Kim barıştan yana, kim değil; Van’la ilgili verilecek karar bunun sınavı olacaktır
Buradan iktidara sesleniyoruz: Ey Saraylılar, şunu bilin ki kayyım atayarak, cezalar vererek, her sabah bir şafak operasyonuyla DEM Partilileri ve muhalifleri gözaltına alarak hiçbir şeyi başaramazsınız.
İzniniz olursa en arkadaki değerli halkımız da duysun diye tekrar etmek istiyorum. Buradan Saray’a sesleniyoruz: Bizler DEM Parti olarak, Kürt halkı olarak, Türkiye halkları olarak, bu ülkenin aydınları ve demokratları olarak, bu ülkenin onurlu muhalefetini yürütenler olarak onurlu bir barış ve diyalogdan yanayız. Bu diyalogun barışla taçlanmasından yanayız. Ama bizlere her sabah şafak operasyonu çekerek, belediye eş başkanlarımıza cezalar yağdırarak, belediyelerimize kayyım atayarak bu diyalog sürecini dinamitlemektesiniz. Ey Saray, ey Erdoğan karar ver. Türk-Kürt kardeşliği ve bu ülkenin iç barışı konusunda çalışacak mısın, bu konuda ortaya bir tavır koyacak mısın?

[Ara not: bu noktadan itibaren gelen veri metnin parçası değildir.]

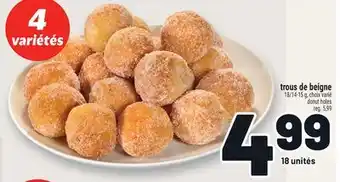 Metro TROUS DE BEIGNE | DONUT HOLES offer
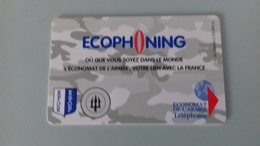 TELECARTE ECOPHONING GRISE - KAFOR - Military Phonecards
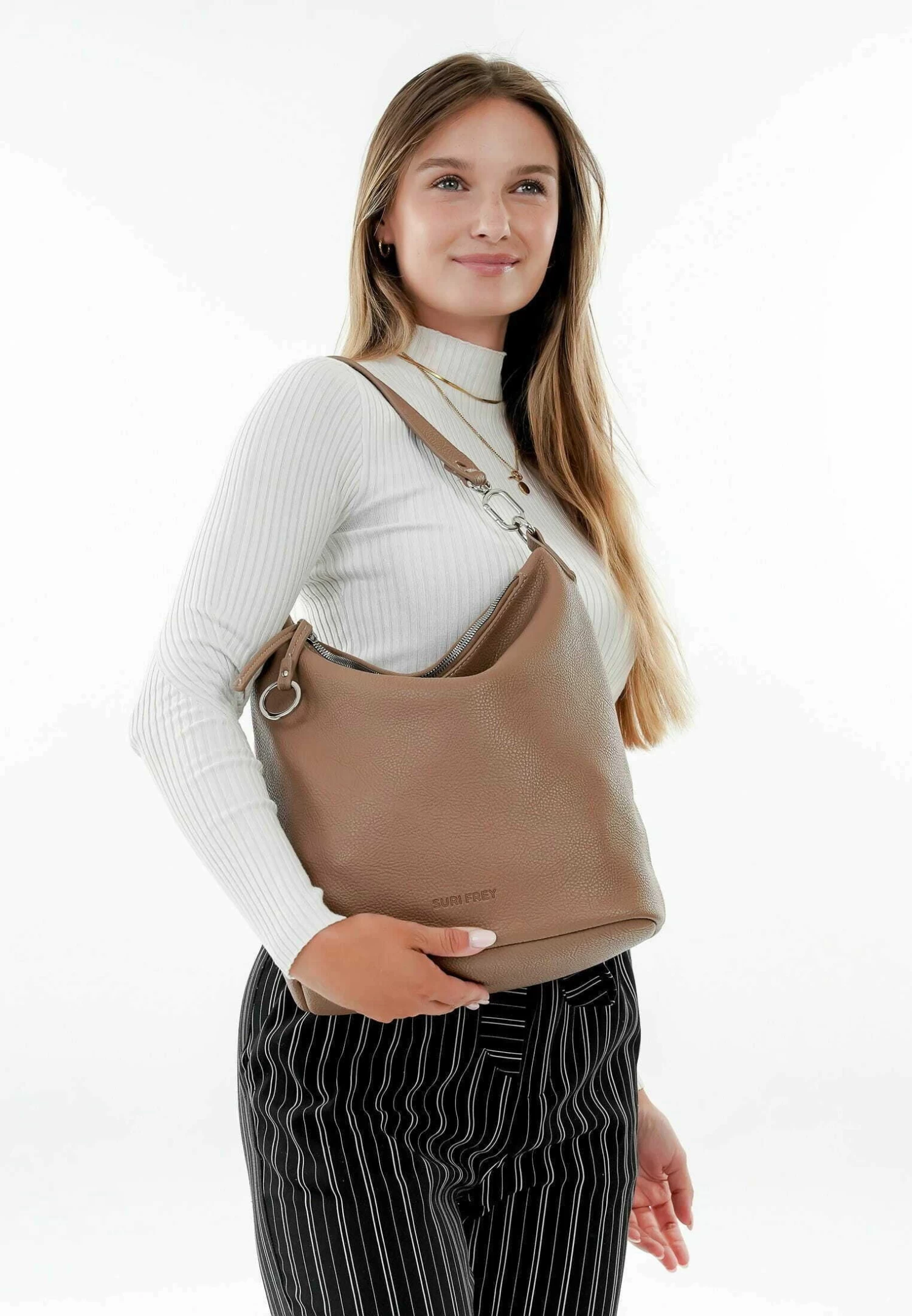 Suri Frey Debby - Shopper - Darktaupe 2 Suri Frey Debby - Shopper - Darktaupe - Afbeelding 2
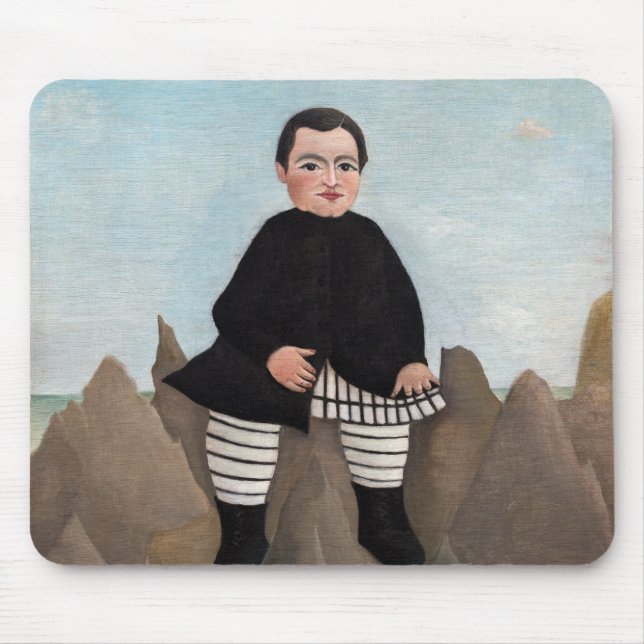 Mousepad Henri Rousseau - Menino nas Rochas (Frente)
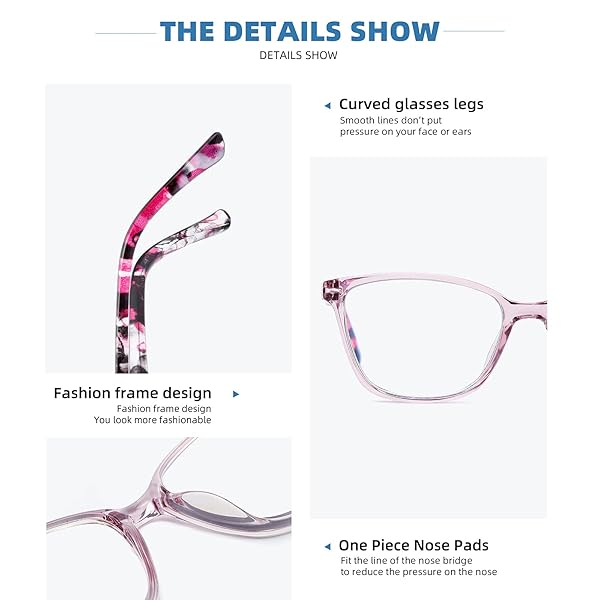 JAWSOCK JAWSOCK 4 Pack Blue Light Blocking Reading Glasses for Men and Women Fashion Square Anti Eyestrain Eyeglasses 4.0x - View 4 of 7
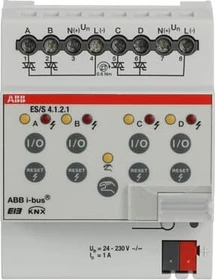 ABB ES/S4.1.2.1 Elektronischer Schaltaktor 4-fach, 230V, 1A, 4TE REG, Schaltaktor
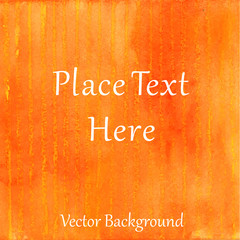Background watercolor orange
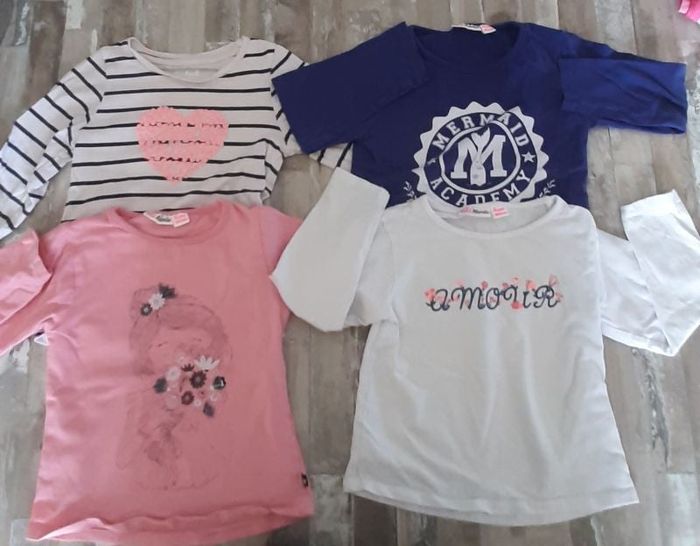 Tee shirts manches longues fille
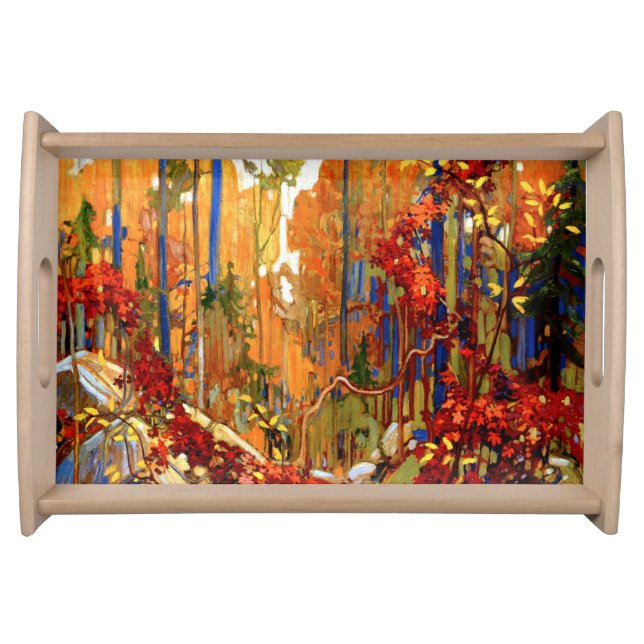 Autumn's Garland, fine art by Tom Thomson, Serving Tray (Front)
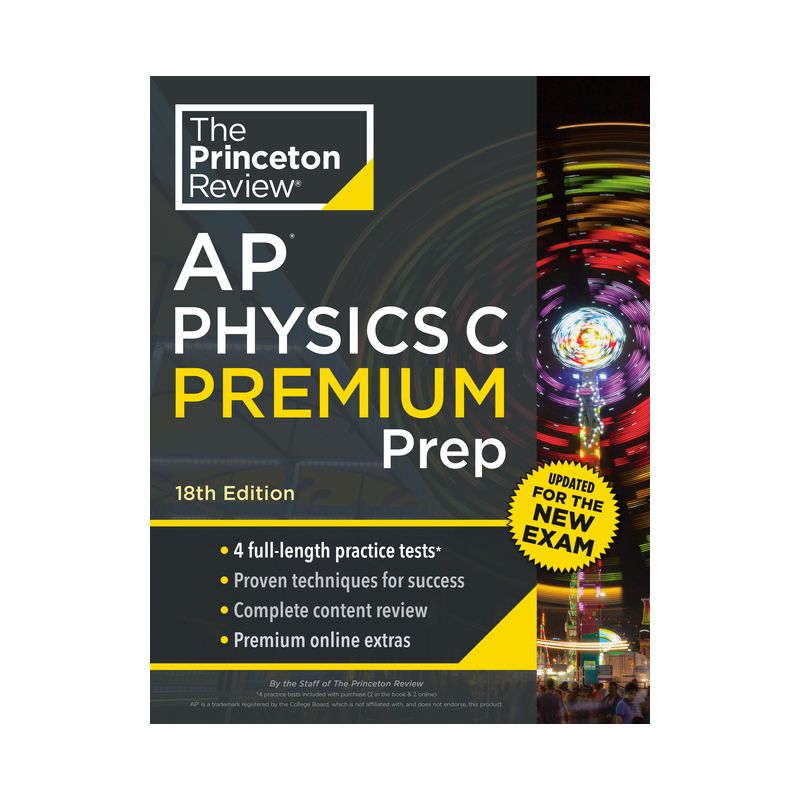 Princeton Review AP Physics C Premium Prep, 18th Edition - (College Test Preparation) by  The Princeton Review (Paperback), 1 of 2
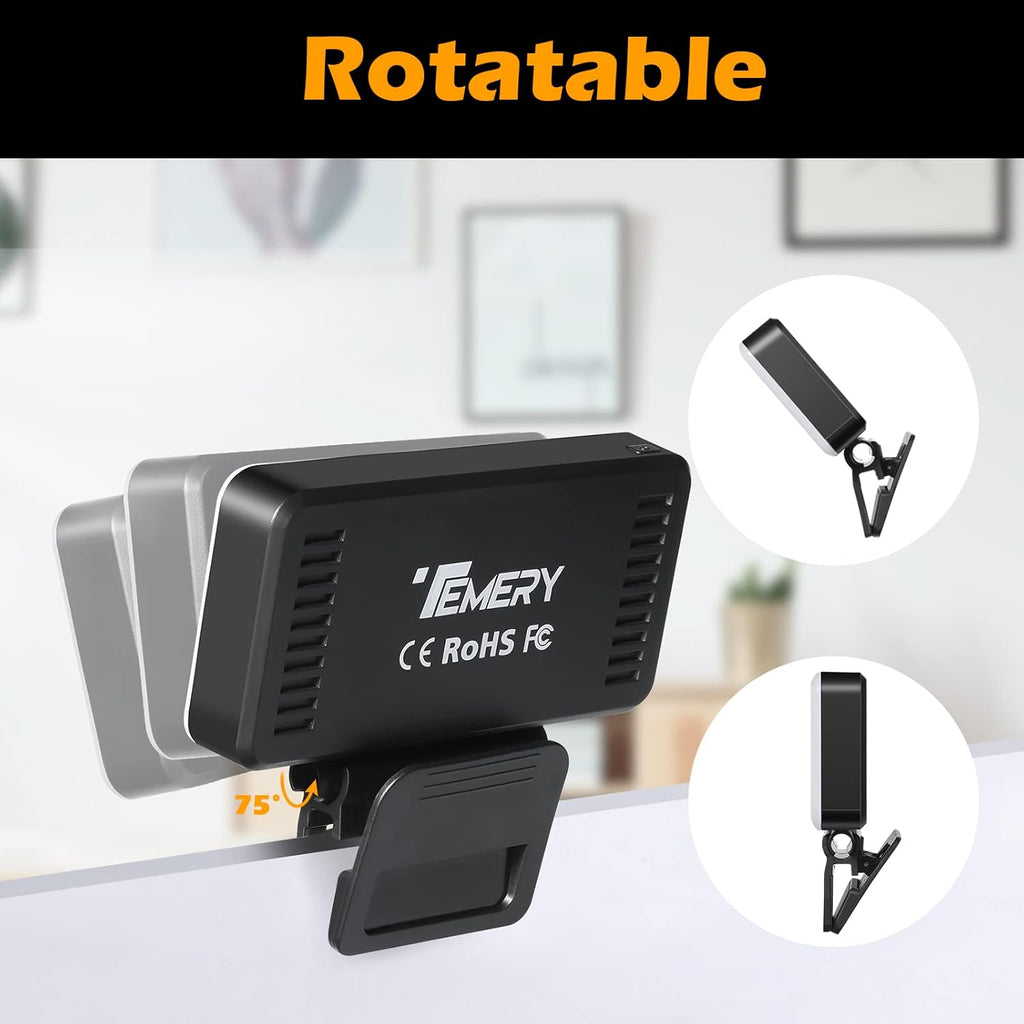Dimmable Video Conference Lighting Kit with 3 Clips N932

Yoksa şu ana kadar senin emrinle devam eden operasyonlara devam mı edeceksin?
Burada bütün Türkiye şunu görecek: Kim barıştan, çözümden ve halkların kardeşliğinden yana, kim değil. İşte şimdi tam da sınav zamanı. Van ile ilgili verilecek karar tam da bunun sınavı olacak. O nedenle biz buradan bir kez daha diyoruz ki kendimize de kentimize de irademize de sahip çıkmaya devam edeceğiz
Abdullah Zeydan ve bütün seçilmişlerimiz onurumuzdur
Türkiye’nin dört bir yanında Van halkıyla dayanışmaya devam edeceğiz. Türkiye’nin doğusu, batısı, kuzeyi ve güneyinde herkesin yüreği şu an Van için atıyor. Herkes Van’ın önümüzdeki süreçte neler yaşayacağını dört gözle izliyor. Dayanışıyor sizlerle, bizlerle. Bunu bir an bile unutmayalım. Sizler büyük bir coşkuyla, “Abdullah Zeydan bizim onurumuz” diye slogan attınız. Bunu söylemeye devam edin. Abdullah Zeydan, Neslihan Başkan ve bütün seçilmişlerimiz onurumuzdur. Sizden en büyük ricamız, belediyemizin iradesini gasp etmek isteyenlere karşı bu meydanı, bu bahçeyi, bu çadırı terk etmemenizdir. Var mıyız buna hep beraber? Direnerek kazanacağız, mücadele ederek kazanacağız, kararlılıkla kazanacağız. Kendimize ve kentimize hizmet etmek için kazanacağız. Siz değerli halkımızla beraber kazanacağız. Sağ olun, var olun.